- [EXTRACTED DATA]
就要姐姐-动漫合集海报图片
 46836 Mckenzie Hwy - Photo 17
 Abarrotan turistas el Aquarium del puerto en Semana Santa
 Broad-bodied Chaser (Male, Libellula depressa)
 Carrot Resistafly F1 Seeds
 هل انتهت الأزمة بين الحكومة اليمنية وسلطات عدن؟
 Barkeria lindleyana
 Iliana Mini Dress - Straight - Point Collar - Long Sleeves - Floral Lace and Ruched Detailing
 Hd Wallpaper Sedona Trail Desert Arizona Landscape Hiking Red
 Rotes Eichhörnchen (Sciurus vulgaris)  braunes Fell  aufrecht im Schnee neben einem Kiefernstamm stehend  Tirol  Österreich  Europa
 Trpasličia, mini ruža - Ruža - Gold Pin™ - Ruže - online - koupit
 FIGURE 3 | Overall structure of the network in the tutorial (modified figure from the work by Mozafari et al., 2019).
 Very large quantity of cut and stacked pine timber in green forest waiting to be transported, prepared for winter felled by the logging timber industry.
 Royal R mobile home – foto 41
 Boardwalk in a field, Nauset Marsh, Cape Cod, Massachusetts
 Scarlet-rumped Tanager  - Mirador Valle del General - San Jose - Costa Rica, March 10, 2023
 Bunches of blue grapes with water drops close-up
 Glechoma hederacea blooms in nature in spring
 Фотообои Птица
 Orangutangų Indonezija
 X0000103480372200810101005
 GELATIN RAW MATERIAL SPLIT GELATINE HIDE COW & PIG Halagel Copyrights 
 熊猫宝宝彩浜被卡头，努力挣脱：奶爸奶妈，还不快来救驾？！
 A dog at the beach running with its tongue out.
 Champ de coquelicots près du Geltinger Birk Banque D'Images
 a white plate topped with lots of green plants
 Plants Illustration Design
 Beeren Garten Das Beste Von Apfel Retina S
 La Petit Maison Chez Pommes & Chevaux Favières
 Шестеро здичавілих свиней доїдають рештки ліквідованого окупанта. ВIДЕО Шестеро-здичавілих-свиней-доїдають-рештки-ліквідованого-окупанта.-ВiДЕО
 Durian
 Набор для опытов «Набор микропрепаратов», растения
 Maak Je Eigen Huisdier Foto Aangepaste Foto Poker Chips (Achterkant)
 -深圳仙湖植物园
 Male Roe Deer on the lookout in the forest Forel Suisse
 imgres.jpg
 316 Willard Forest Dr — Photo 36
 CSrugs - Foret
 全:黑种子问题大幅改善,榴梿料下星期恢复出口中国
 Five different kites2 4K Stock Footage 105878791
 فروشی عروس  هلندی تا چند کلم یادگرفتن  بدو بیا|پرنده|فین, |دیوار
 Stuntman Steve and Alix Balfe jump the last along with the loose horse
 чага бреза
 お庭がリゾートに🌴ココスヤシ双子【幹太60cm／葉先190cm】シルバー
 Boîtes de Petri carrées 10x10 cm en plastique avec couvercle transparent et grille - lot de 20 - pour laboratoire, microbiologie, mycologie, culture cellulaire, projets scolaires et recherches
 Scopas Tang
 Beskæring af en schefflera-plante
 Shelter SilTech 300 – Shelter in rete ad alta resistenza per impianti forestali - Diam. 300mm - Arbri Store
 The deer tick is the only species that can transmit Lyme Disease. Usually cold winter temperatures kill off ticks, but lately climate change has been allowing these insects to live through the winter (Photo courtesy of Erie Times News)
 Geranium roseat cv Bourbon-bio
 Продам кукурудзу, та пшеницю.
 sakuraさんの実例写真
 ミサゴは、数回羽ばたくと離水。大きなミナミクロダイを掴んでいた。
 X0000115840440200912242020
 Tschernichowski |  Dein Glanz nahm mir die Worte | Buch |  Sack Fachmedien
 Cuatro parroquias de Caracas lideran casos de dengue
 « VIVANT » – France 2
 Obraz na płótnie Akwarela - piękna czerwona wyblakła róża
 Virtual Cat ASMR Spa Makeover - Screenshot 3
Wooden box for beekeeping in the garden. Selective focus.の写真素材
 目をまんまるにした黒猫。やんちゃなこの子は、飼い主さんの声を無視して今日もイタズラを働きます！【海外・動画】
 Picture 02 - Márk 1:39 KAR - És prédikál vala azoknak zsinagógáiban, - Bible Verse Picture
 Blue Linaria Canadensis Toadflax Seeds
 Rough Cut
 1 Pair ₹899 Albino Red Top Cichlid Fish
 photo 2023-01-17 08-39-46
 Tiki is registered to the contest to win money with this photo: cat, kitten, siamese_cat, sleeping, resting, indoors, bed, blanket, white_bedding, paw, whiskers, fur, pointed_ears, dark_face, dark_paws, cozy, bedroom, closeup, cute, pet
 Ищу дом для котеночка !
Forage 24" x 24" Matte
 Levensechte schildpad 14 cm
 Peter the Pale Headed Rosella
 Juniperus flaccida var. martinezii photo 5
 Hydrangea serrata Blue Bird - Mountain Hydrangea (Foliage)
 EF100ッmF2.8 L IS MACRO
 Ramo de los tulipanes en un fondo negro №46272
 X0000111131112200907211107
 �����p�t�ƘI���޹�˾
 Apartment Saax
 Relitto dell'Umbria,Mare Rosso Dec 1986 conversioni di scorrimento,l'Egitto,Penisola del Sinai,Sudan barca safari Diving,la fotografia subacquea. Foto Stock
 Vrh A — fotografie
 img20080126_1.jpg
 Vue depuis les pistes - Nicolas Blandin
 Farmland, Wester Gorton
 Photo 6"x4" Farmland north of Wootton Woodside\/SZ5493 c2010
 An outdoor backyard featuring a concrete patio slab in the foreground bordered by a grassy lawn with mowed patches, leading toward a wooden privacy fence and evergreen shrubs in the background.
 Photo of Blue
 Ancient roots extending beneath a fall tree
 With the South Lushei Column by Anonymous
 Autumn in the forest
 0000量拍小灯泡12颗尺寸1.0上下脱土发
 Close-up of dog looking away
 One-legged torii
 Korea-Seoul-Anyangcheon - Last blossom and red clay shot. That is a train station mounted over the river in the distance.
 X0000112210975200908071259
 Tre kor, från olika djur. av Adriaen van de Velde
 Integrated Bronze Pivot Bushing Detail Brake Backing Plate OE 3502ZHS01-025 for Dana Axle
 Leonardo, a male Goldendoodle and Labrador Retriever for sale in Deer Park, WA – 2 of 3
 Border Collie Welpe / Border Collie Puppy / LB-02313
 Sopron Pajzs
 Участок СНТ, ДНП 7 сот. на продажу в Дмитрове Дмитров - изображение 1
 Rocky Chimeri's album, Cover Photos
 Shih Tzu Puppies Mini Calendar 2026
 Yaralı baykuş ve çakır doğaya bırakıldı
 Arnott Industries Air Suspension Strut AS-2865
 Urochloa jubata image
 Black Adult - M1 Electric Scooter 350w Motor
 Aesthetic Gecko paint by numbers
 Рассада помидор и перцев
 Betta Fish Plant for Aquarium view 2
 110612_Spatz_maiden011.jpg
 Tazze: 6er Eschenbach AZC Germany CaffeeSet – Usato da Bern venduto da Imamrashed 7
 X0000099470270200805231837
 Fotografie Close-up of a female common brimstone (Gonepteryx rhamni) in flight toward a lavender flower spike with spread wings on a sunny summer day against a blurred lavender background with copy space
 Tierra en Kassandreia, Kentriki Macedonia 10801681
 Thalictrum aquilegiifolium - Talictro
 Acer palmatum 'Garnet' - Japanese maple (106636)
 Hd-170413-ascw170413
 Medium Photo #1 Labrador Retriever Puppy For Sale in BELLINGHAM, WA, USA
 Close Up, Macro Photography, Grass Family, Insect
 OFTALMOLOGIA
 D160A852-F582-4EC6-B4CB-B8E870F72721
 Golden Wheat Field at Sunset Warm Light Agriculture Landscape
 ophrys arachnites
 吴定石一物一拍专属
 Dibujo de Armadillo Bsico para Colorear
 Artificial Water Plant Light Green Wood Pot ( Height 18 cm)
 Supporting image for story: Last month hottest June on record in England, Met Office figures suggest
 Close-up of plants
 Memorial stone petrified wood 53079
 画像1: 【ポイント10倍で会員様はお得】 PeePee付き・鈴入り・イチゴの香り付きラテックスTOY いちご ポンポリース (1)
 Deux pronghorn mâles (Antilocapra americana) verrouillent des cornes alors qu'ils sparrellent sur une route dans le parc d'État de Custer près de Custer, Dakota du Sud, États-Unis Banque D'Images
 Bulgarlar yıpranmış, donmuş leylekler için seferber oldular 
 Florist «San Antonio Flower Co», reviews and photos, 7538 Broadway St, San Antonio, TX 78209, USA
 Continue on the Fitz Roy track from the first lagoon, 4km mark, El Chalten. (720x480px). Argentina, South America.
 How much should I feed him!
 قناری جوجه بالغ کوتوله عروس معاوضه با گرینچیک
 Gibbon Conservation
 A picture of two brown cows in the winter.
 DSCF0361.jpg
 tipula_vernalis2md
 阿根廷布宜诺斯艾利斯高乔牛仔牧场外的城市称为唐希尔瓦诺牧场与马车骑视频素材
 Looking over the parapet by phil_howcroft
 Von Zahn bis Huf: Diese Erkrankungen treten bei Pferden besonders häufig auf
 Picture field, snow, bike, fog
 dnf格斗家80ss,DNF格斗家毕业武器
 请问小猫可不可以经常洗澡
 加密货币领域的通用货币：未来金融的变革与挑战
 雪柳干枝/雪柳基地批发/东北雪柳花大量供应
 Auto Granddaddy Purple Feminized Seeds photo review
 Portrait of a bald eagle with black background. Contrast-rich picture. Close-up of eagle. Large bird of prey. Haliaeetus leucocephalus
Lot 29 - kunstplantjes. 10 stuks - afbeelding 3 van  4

- [WORK TASK]
From the material above, retype precisely the lines between the line holding "The deer tick" and the line holding "Geranium roseat cv Bourbon-bio", inclusive, and nothing beyond them.

- [TASK RESPONSE]
 The deer tick is the only species that can transmit Lyme Disease. Usually cold winter temperatures kill off ticks, but lately climate change has been allowing these insects to live through the winter (Photo courtesy of Erie Times News)
 Geranium roseat cv Bourbon-bio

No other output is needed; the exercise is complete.